#### SUPPLIED INFORMATION
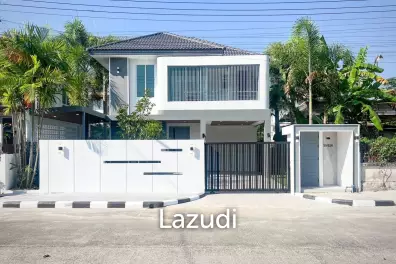 Renovated 2 Story House Near BISP For Sale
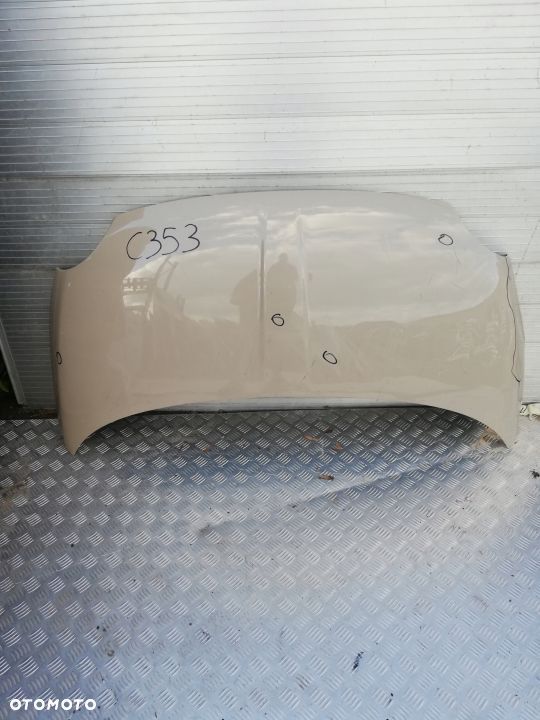 C353 MASKA FIAT 500 ABARTH 595 LIFT - 1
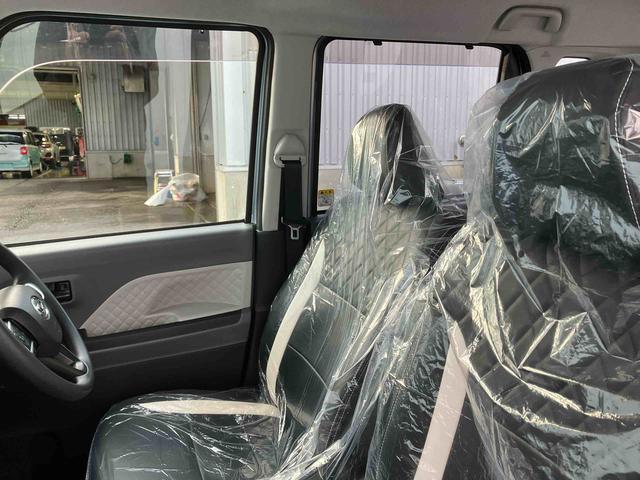 タントＸ（沖縄県）の中古車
########
■ **YOUR ASSIGNMENT**: Nothing but the lines from the one that contains "C353 MASKA FIAT 500 ABARTH 595 LIFT - 1" through the end of the material above is to be reproduced, exactly and without pictures.

■ **TASK OUTPUT**:
 C353 MASKA FIAT 500 ABARTH 595 LIFT - 1
 タントＸ（沖縄県）の中古車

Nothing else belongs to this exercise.